Naloxone hydrochloride (Narcan) is a competitive opioid antagonist that was initially approved by the FDA in 1971 for the emergency treatment of opioid overdose as witnessed by respiratory and central nervous system depression [5]. Opioids used by addicts usually have a long half-life, while naloxone’s half-life is relatively short, so the respiratory symptoms recur shortly after its effect has subsided [3]. Due to this short half-life, patients may require higher doses or faster rates of infusion for the reversal of the opioid overdose, which causes a surge in the catecholamines release, leading to manifestation of adverse effects, including non-cardiogenic pulmonary edema and/or cardiac arrythmias [2].
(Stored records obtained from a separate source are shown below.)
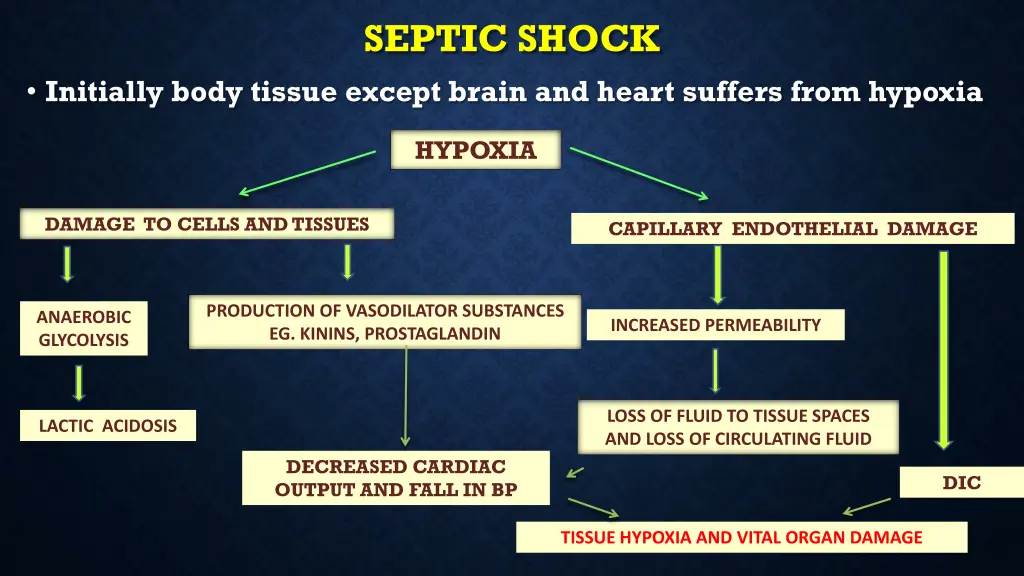 septic shock 17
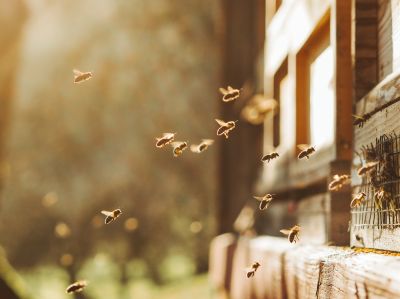 Ground Bees Extermination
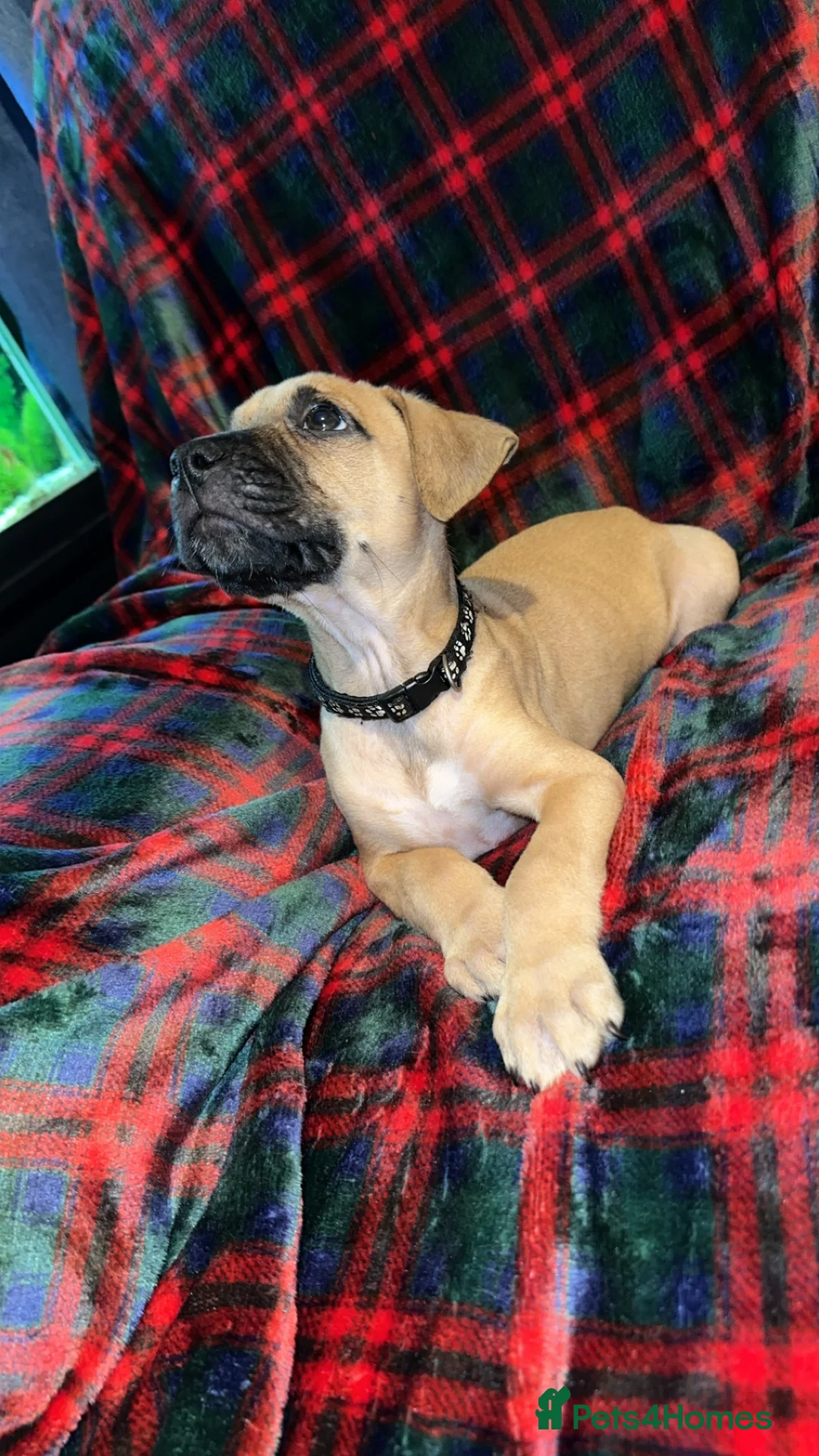 Mixed Breed dogs for sale: Staff X Sharpei puppies  - Advert 3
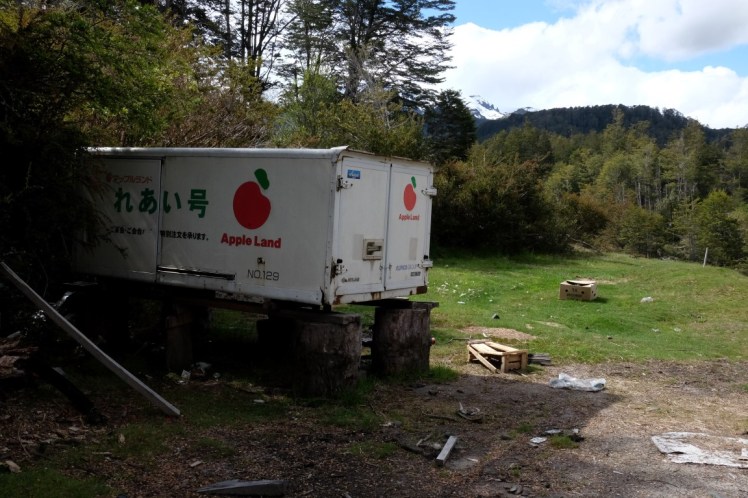 DSCF0445 (Medium).JPG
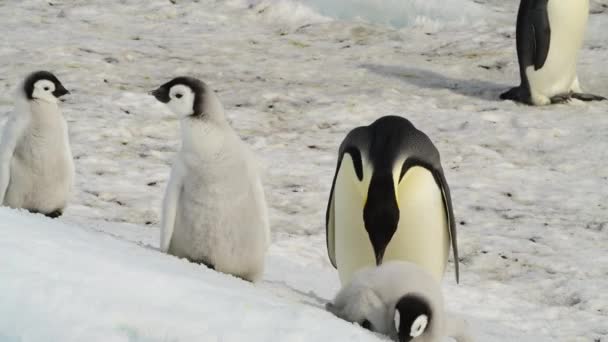 Imperador Pinguins com pintos de perto na Antártida — Vídeo de Stock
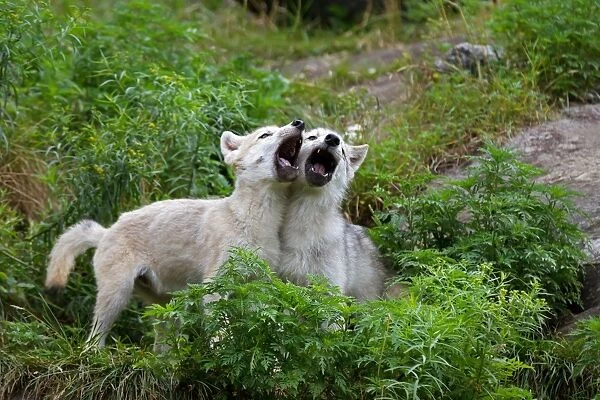 Howling wolf pups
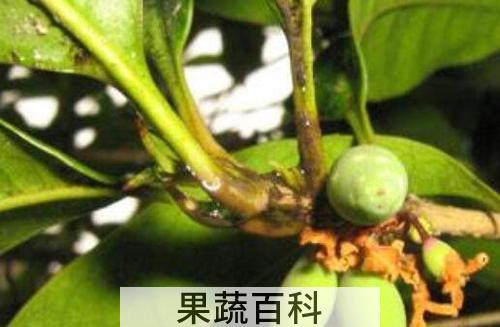 桂花果怎么吃 桂花果如何食用方法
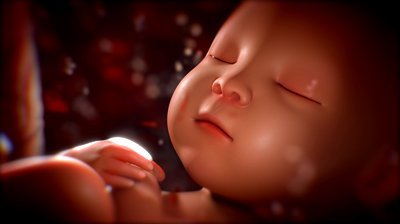 stock-footage-human-baby-in-mother-s-womb.jpg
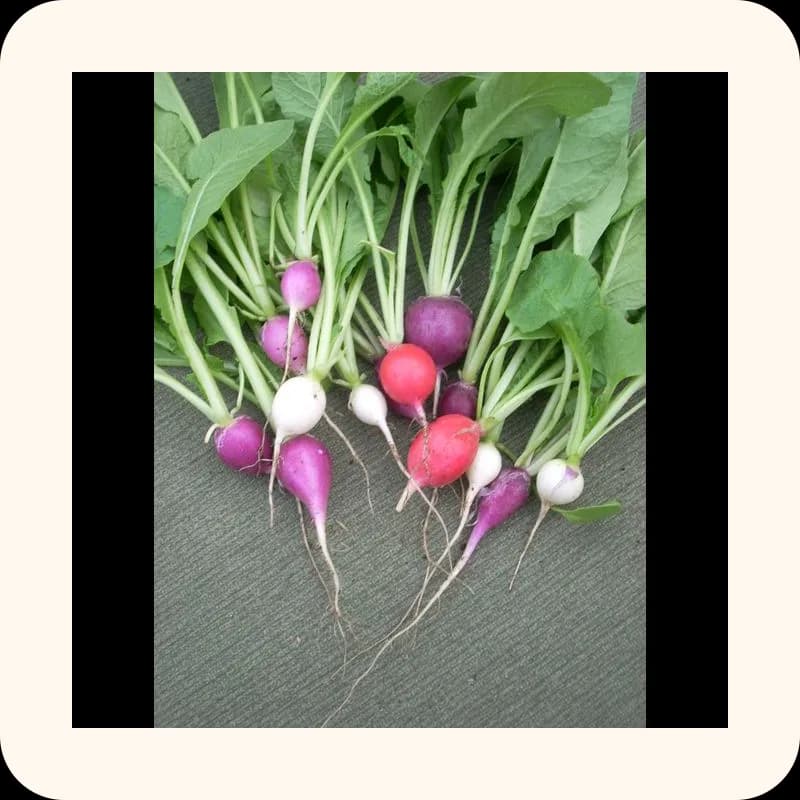 radish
The fluid balance in the lung and risk for development of pulmonary edema are critically determined by a multitude of factors, including pulmonary capillary and arterial pressures. Catecholamines were shown to contribute to the formation of pulmonary edema in patients with neurogenic as well as high-altitude pulmonary edema (HAPE) by a non-human experiment conducted by Rassler et al 2003 [6]. The responsible mechanisms for the increase in epinephrine in plasma following the administration of naloxone include its direct antagonizing effects on µ-opioid receptors in the adrenal medulla, and neutrally mediated changes of central sympathetic out-flow has been proposed as an explanation for the naloxone-induced non-cardiogenic acute pulmonary edema [7]. Whether this is a dose-dependent adverse effect remains unclear, as it has been reported with low doses of naloxone as well as shown by Partridge et al in 1986 [8]. However, the fact that our patient developed acute pulmonary edema after administration of 8 mg, but not 2 mg, of naloxone suggests a dose-dependent relationship. This finding reinforces the current recommendation of the American Heart Association to gradually titrate up naloxone to the least effective dose to prevent these serious adverse effects [9]. Our 2 patients had no known significant past medical history to otherwise explain the acute pulmonary edema. We excluded cardiac etiologies due to negative troponin level, BNP, and normal echocardiography studies. Furthermore, because of the chronological occurrence of pulmonary edema after naloxone administration and because no other medications known to cause such adverse effect were administered at the time, we believe that naloxone was the causative agent.

Conclusions

Naloxone remains the drug of choice in managing opioid overdose but can rarely cause non-cardiogenic acute pulmonary edema. This adverse effect is apparently dose-dependent. Therefore, healthcare providers should aim to use the least effective dose.

Footnotes

Conflict of Interests

None.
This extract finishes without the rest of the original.